#### [Task requirements]
Every record below is to be restated word for word.

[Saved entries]
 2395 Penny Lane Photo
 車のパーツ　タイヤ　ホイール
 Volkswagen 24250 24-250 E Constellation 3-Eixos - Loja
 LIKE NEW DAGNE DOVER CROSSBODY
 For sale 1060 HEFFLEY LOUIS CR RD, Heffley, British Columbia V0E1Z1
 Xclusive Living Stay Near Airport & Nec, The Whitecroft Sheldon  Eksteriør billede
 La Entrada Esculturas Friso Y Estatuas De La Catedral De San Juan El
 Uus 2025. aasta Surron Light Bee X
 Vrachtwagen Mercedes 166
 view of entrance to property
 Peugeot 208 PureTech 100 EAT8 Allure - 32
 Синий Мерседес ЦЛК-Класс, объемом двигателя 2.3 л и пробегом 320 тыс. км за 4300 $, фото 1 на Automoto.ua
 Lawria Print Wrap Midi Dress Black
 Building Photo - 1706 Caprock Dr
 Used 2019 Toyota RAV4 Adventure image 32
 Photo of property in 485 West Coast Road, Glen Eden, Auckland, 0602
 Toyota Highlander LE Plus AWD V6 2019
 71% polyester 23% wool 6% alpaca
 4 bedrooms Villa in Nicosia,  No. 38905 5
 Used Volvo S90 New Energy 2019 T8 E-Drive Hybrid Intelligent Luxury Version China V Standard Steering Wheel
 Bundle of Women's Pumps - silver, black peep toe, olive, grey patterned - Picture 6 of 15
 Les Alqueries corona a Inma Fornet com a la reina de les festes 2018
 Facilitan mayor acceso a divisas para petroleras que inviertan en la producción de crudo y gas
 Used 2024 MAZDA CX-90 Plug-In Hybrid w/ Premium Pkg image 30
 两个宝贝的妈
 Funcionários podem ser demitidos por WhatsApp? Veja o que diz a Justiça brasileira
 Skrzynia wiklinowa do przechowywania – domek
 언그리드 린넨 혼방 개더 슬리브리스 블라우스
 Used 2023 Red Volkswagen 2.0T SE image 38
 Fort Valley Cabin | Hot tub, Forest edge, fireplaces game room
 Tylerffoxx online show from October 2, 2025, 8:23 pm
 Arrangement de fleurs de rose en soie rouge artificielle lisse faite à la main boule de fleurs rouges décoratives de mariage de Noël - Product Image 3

#### [Task solution]
 2395 Penny Lane Photo
 車のパーツ　タイヤ　ホイール
 Volkswagen 24250 24-250 E Constellation 3-Eixos - Loja
 LIKE NEW DAGNE DOVER CROSSBODY
 For sale 1060 HEFFLEY LOUIS CR RD, Heffley, British Columbia V0E1Z1
 Xclusive Living Stay Near Airport & Nec, The Whitecroft Sheldon  Eksteriør billede
 La Entrada Esculturas Friso Y Estatuas De La Catedral De San Juan El
 Uus 2025. aasta Surron Light Bee X
 Vrachtwagen Mercedes 166
 view of entrance to property
 Peugeot 208 PureTech 100 EAT8 Allure - 32
 Синий Мерседес ЦЛК-Класс, объемом двигателя 2.3 л и пробегом 320 тыс. км за 4300 $, фото 1 на Automoto.ua
 Lawria Print Wrap Midi Dress Black
 Building Photo - 1706 Caprock Dr
 Used 2019 Toyota RAV4 Adventure image 32
 Photo of property in 485 West Coast Road, Glen Eden, Auckland, 0602
 Toyota Highlander LE Plus AWD V6 2019
 71% polyester 23% wool 6% alpaca
 4 bedrooms Villa in Nicosia,  No. 38905 5
 Used Volvo S90 New Energy 2019 T8 E-Drive Hybrid Intelligent Luxury Version China V Standard Steering Wheel
 Bundle of Women's Pumps - silver, black peep toe, olive, grey patterned - Picture 6 of 15
 Les Alqueries corona a Inma Fornet com a la reina de les festes 2018
 Facilitan mayor acceso a divisas para petroleras que inviertan en la producción de crudo y gas
 Used 2024 MAZDA CX-90 Plug-In Hybrid w/ Premium Pkg image 30
 两个宝贝的妈
 Funcionários podem ser demitidos por WhatsApp? Veja o que diz a Justiça brasileira
 Skrzynia wiklinowa do przechowywania – domek
 언그리드 린넨 혼방 개더 슬리브리스 블라우스
 Used 2023 Red Volkswagen 2.0T SE image 38
 Fort Valley Cabin | Hot tub, Forest edge, fireplaces game room
 Tylerffoxx online show from October 2, 2025, 8:23 pm
 Arrangement de fleurs de rose en soie rouge artificielle lisse faite à la main boule de fleurs rouges décoratives de mariage de Noël - Product Image 3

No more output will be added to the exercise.